What most troubles New Yorkers is that not only has London become a capital market of choice for more and more companies, but that the American press is reporting that London has succeeded New York as the world's most exciting city. New Yorkers like to boast about the high price of property in the city--although the boast is often thinly disguised as a complaint. But now they read that prices in the Upper East Side are lagging behind those in London's Belgravia. The Wall Street Journal reports that property in the most desirable areas of London fetched £1,450 per square foot ($2,863), 63 percent more than luxury condos in Manhattan. I doubt that the difference is that great, when real like-for-like comparisons are made, but for people who equate desirability with price, the undoubtedly large difference in price means that London is more desirable as a place to live and work than is the Big Apple. That is an idea New Yorkers have difficulty getting their heads around, to use the city's jargon.

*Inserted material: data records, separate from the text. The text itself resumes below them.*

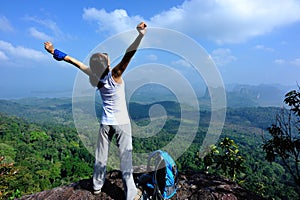 Woman hiker open arms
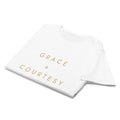 Grace + Courtesy Minimalist Women's Softstyle Tee in White, front view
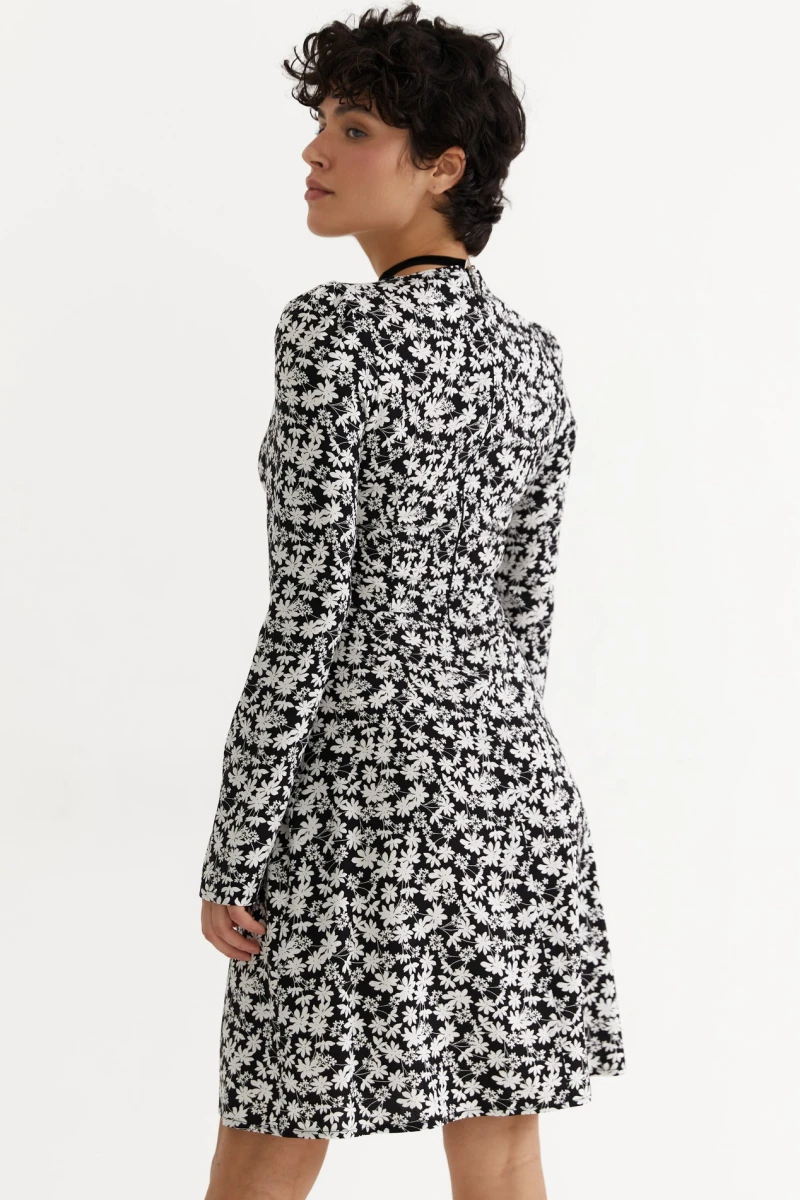 Black mini dress in milky floral pattern made of staple cotton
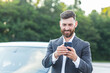 © Liubomir - Cheerful and successful male businessman car salesman uses the phone near the parking lot to sell cars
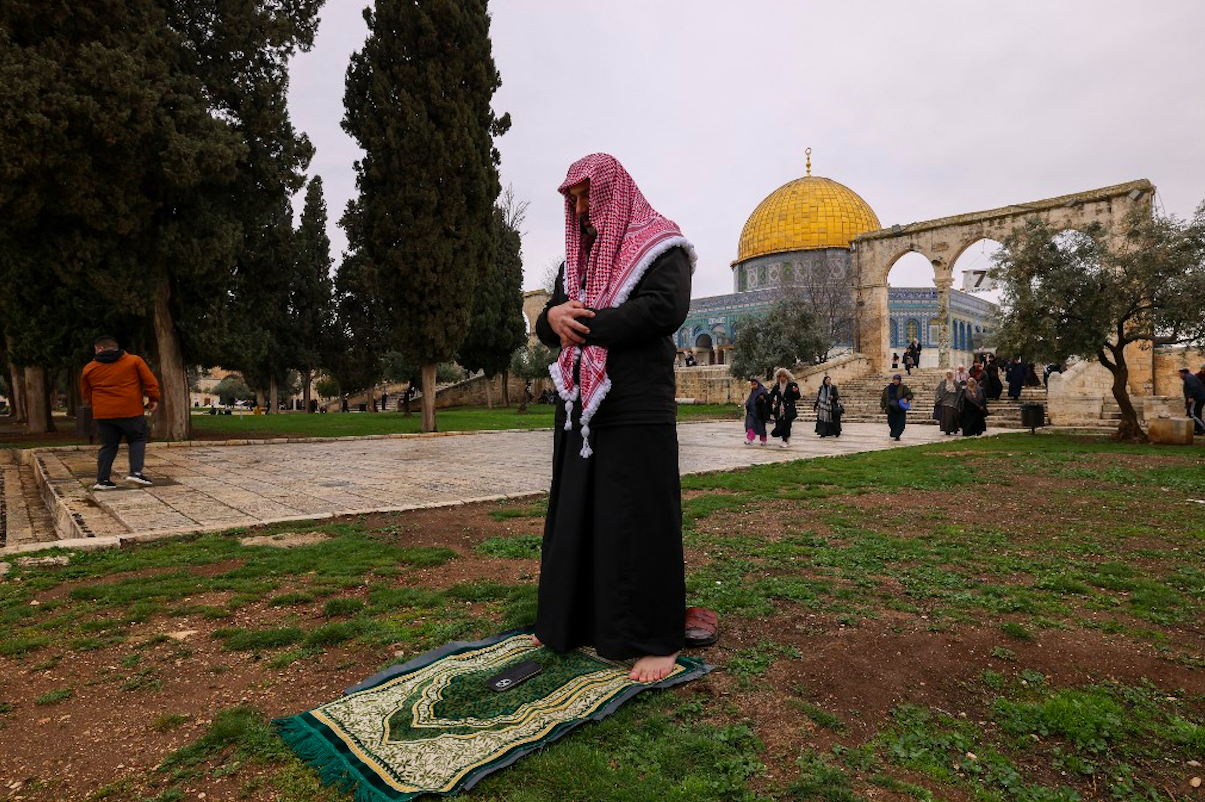 Muslim worshippers attend the first Friday prayers of Ramadan, in Al-Aqsa compound, also known to Jews as Temple Mount, in Jerusalem's Old City, March 7, 2025. (REUTERS/Ammar Awad)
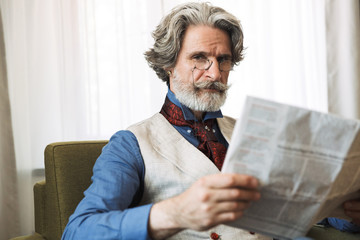 Portrait of attractive adult businessman reading newspaper while sitting on armchair in hotel...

In the hunt for villains, it is unsurprising that investment bankers point to government regulation. Their complaint is that regulation is more onerous in the United States than in the United Kingdom, thanks largely to the Sarbanes-Oxley Act. The cost of compliance, this argument goes, is so much higher in America than in Britain, that it is only natural for growing firms to seek capital in the less-stringently regulated London market. Peter Wallison, a resident fellow at the American Enterprise Institute, quotes academic scholars as concluding that "no explanation other than over-regulation in the United States fully accounts for the loss of business to overseas markets." And he finds a gold lining in this cloud, "The erosion of U.S. predominance in global financial services . . . may finally have captured the attention of people in government who can actually do something about it."

Actually, they really can't. We are witnessing the globalization of that part of the U.S. financial services sector that has until now experienced less competition than America's T-shirt and sneaker manufacturers. It is not only London that is draining business from New York, but Dubai, Hong Kong, and other exchanges. As Chuck Prince, chief executive of Citigroup told the Financial Times , "We are going to see a diffusion away from New York as a financial center. . . . New York will not be unimportant, but . . . people will be going to other places to raise capital."

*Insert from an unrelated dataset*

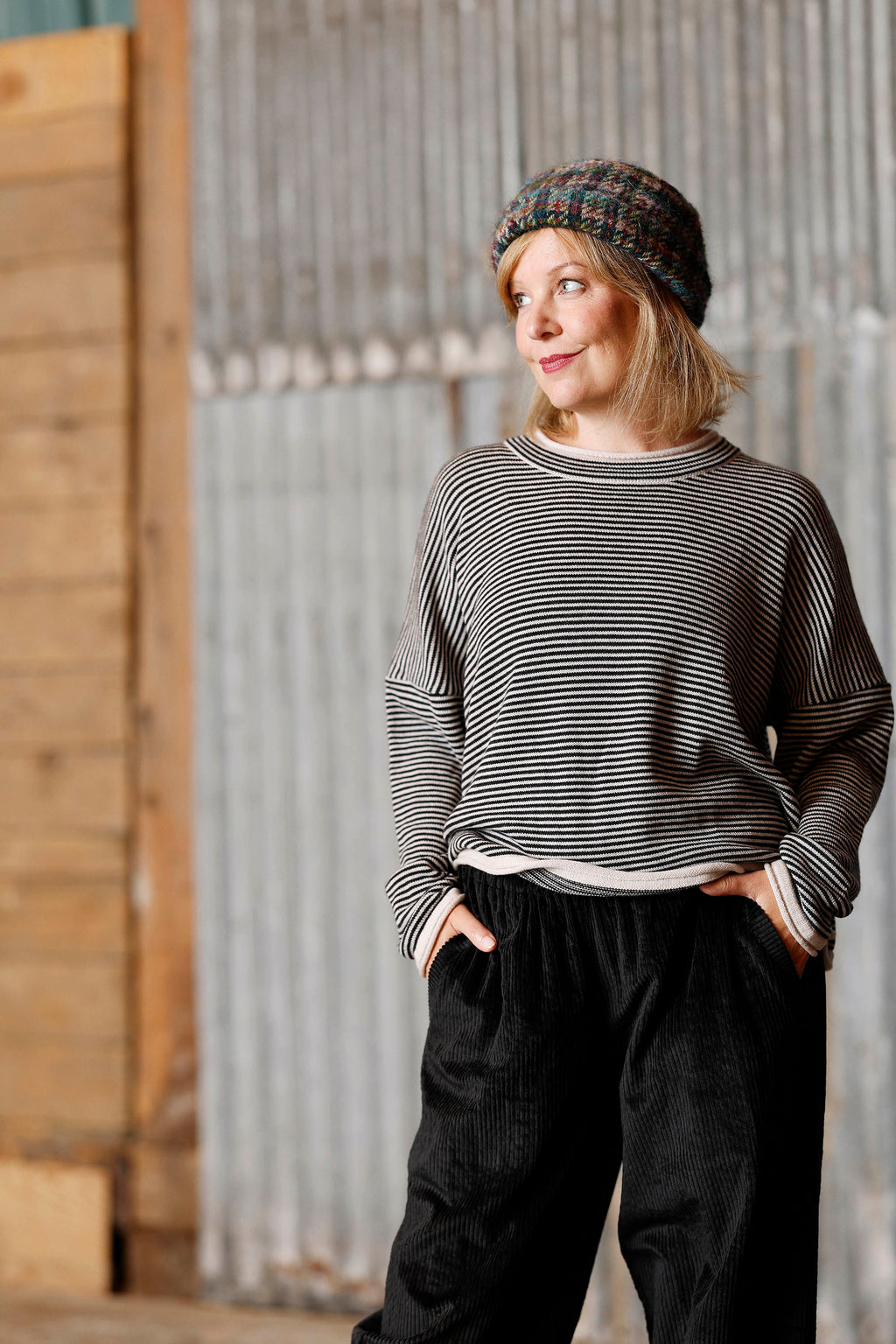 Long-sleeved knit from MUSE WEAR with narrow off-white and black stripes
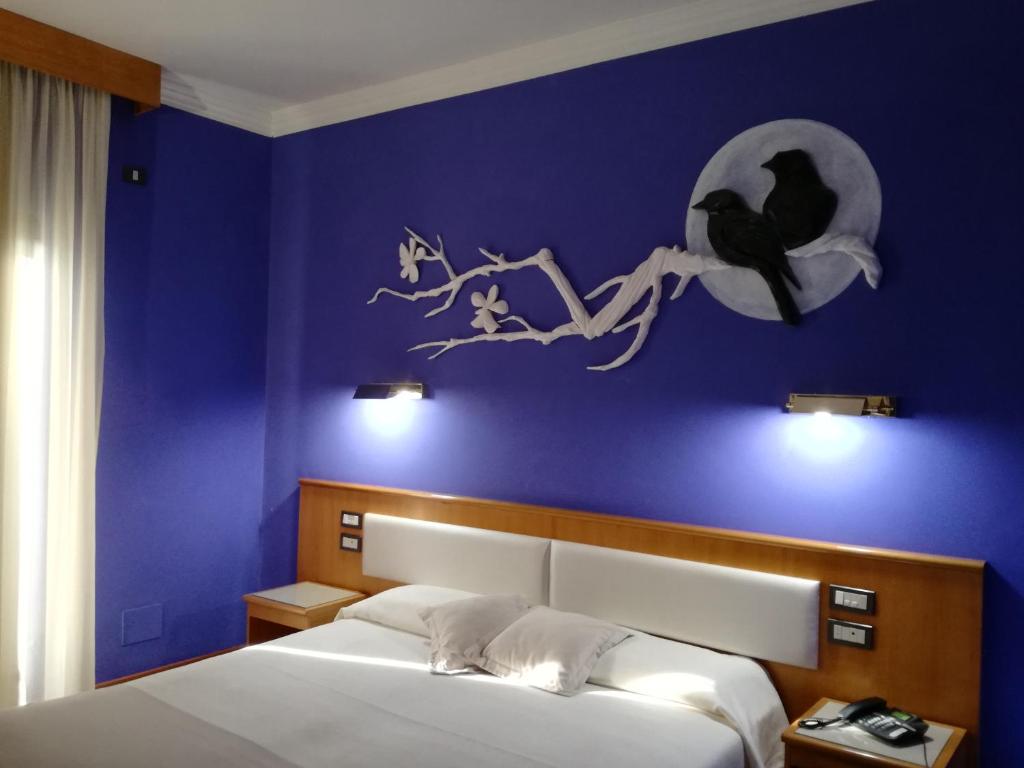 Postel nebo postele na pokoji v ubytování FILIPPONE HOTEL&RISTORANTE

Which is not a bad thing. If Wallison is right that over-regulation is driving business from New York, then legislators and regulators can easily make the necessary changes. SEC chairman Chris Cox is well aware of the problem and he devoted the early part of last week to digesting a staff paper comparing Britain's principle-based with America's allegedly very different rules-based regulatory system. And if New York's not-exactly-poor investment bankers want to meet the new competition, they might cut their fees, which are about twice those charged in London, rather than petitioning the government for relief.

Most important, New Yorkers must learn that attrition in its market share is inevitable in a globalized world and to take with several pinches of salt the bleating of the financial community and politicians seeking headlines. London may be attracting more initial public offerings than New York, but some of the companies being floated are not exactly the crown jewels of the business world. Almost two-thirds of the companies floated on AIM (Britain's market for small companies) are selling at below their initial offer price, perhaps because the new issues being floated in London are "the worst dreck [er, junk] I've ever seen," according to James Chanos, who sniffed out the problems at Enron long before the authorities did.

New Yorkers worry too much. Their city retains its unique vitality and entrepreneurial culture. The biggest complaint foreigners have about America is that we are making it tough to come here. Sinatra was right, as usual. If you wanna wake up in a city that doesn't sleep, come to New York. Why? Because if you can make it there you're gonna make it anywhere.

But neither New York nor London can any longer count on dominating the global financial sector. Which is a good thing: A bit of competition should make for more efficient capital markets.